» **What this task involves**
Each line below from the line with "近10期星期日 奇偶，跨度分析图示" to the line with "Learn Technical Analysis" must be copied exactly, including those two, and no picture may appear in the copy.

» **Material to process**
·····
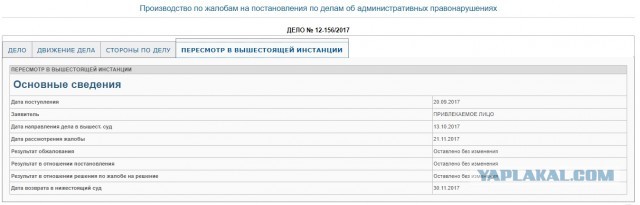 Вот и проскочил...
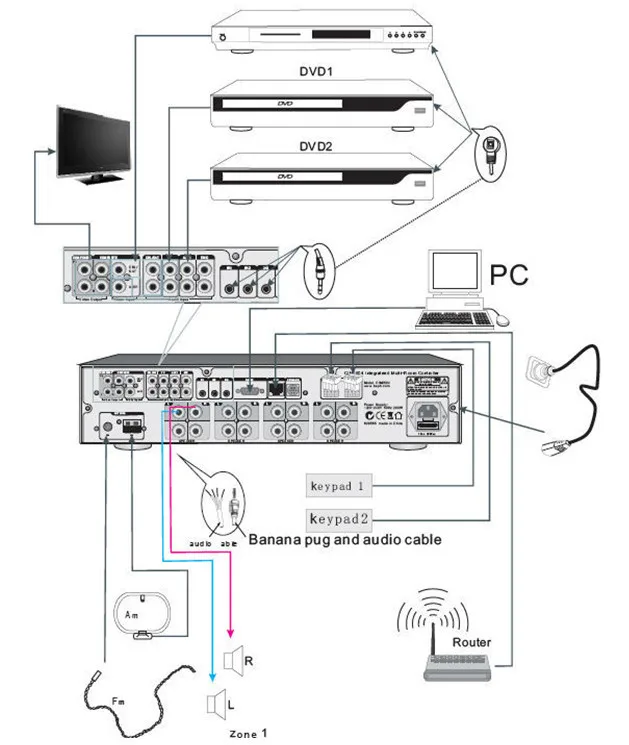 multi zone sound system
·····
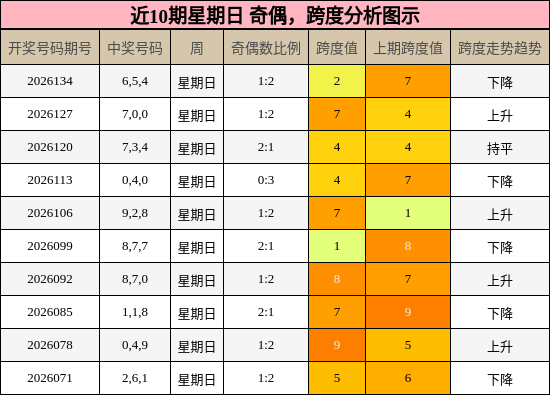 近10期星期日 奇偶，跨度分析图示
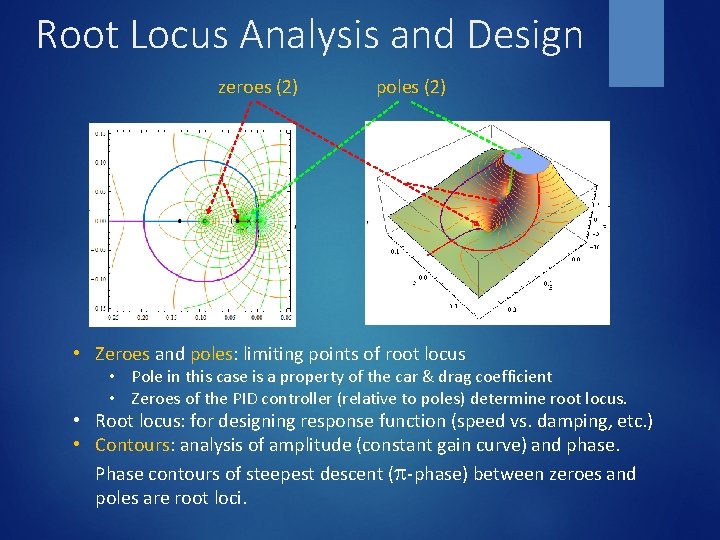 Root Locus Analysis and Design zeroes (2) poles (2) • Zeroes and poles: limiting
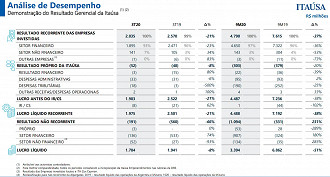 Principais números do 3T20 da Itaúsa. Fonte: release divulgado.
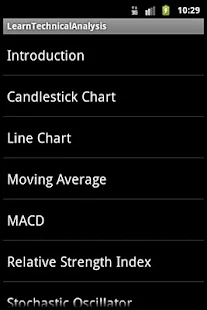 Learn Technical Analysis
·····
» **Written response**
 近10期星期日 奇偶，跨度分析图示
 Root Locus Analysis and Design zeroes (2) poles (2) • Zeroes and poles: limiting
 Principais números do 3T20 da Itaúsa. Fonte: release divulgado.
 Learn Technical Analysis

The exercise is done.